The response to my comment – the one dealing with the critique of methods from Drake et al. – was inadequate. In fact, I can't tell whether the author had read the whole article.

Drake's point about variability in the final size of an epidemic is a serious challenge to the validity of this work. Such critiques must be dealt with in substantive ways, and not by putting a band-aid on the analysis.

Drake's most critical point, illustrated in Figure 4, was about delayed onset of interventions. This is the most serious challenge to interpreting the analysis of final size as an estimate of R0. In fact, it seems Ebola fits this quite well, in that interventions are applied unevenly throughout the course of an epidemic, once detected, the epidemics are generally nipped in the bud and they die out. What seems much more likely to me is that R0 is higher than one before control measures are implemented, and less than one after that. In such situations, the final size of an epidemic has much more to do with the timing of the onset of interventions.

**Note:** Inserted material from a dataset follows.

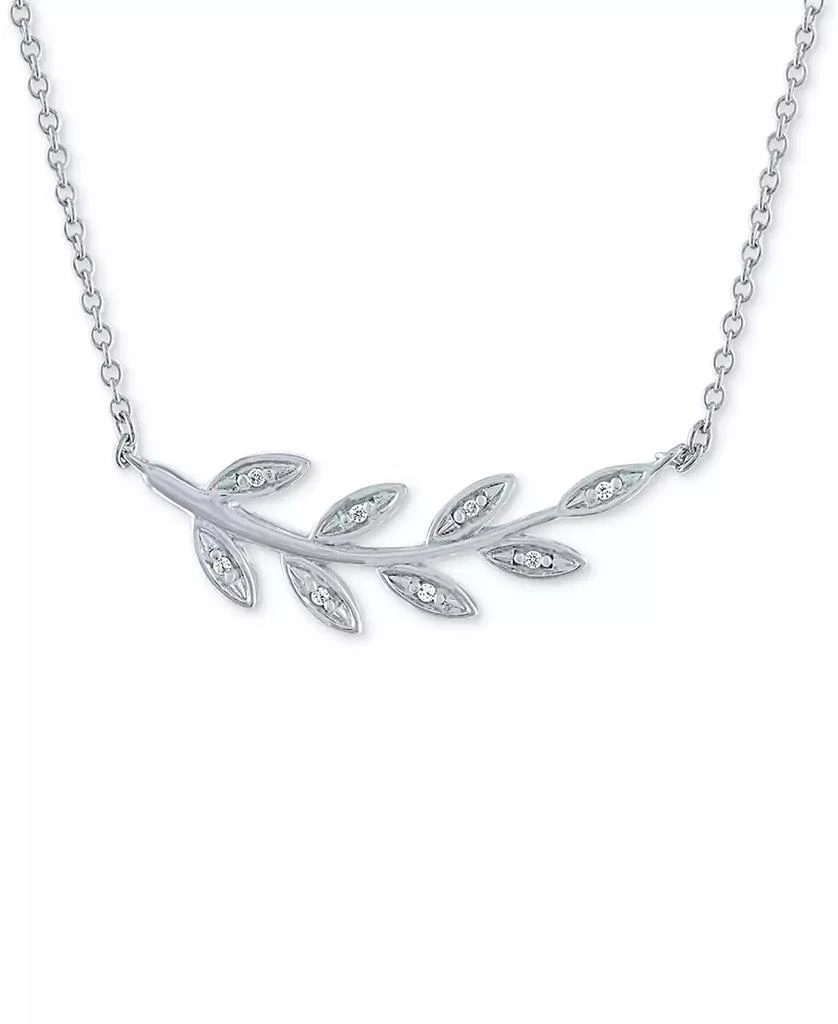 商品Macy's|Diamond Accent Olive Branch Pendant Necklace in Sterling Silver, 16" + 2" extender,价格¥758,第1张图片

This is the point that House has not dealt with at all, as far as I can tell, and it is a serious challenge to the validity of his estimate.

I believe that I have understood Drake’s point; however the reviewer has not replied to my initial response to this objection, which I believe remains valid. This was essentially that (i) regardless of temporal behaviour, the final size of an outbreak should still follow some distribution, and (ii) sufficient samples from this distribution turn out to enable parameter identifiability for the model currently under consideration. Establishing (ii) required significant additional work as presented in the revised paper, which I believe does represent a substantive attempt to address the concerns.

Reviewer 4: Simon Hay

I think Thomas House has done a comprehensive job at responding to the reviewers concerns. The article is extremely brief, as per the format, but written clearly.

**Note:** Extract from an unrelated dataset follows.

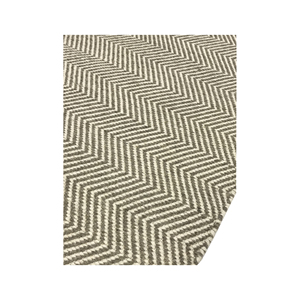 Handwoven Jute Wool Dhurrie Runner <b>Rug</b> <b>Grey</b> & <b>Cream</b> Herringbone Chevron Flat Weave Floor Mat 200x80 cm - Product Image 2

1) Critical arguments are around whether the concerns raised by reviewer 2 and those of Drake (2006) raised by reviewer 3, will need to be evaluated by the relevant individuals and I will be very interested in their responses.

2) Apologies if I have missed them, but there is no plot of the epidemics by size and time: that is the core dataset. This would be useful to show the reader and I imagine with a little imagination one could show all the baseline data being used. The data/code etc should also be made available on Dryad or the like.

The data on which the analysis is based are shown in black in Figure 1A,B 2A,B and 4A – since the raw dataset is owned by WHO I am unsure about release; however I will of course provide access to the code (https://github.com/thomasallanhouse/elife-ebola-code) and once the code is of sufficient quality, I will release it more generally via the EpiStruct project.

3) When plotted elsewhere I note that there is a distinct change in the frequency of the epidemics pre and post 2000, with the frequency much greater in the last 15 years. Does this non-stationary pattern (hesitate to use the word trend) in outbreaks effect the analyses.

Figure 1A shows that on aggregate, the pattern of epidemics is consistent with an Exponential/memory less distribution; the question of testing for clustering is an interesting one, however it is arguably beyond the scope of the current work.

4) I think the impact statement should be refined. Ebola is clearly transmissible enough to cause a major epidemic – we are in the midst of one. I don't think this is exactly this is what you mean to say. Is it something more along the lines of “Despite the Rt of Ebola being less than 1, it can lead to the generation of a range of outbreak sizes consistent with the scale of the ongoing epidemic”? Regardless it needs clarifying.

This was an unfortunate error, I did not notice the Impact Statement during resubmission, and will modify to “The pattern of past Ebola outbreaks is indicative of an effective reproductive ratio of less than 1, which can lead to the generation of a range of outbreak sizes consistent with the scale of the ongoing epidemic”.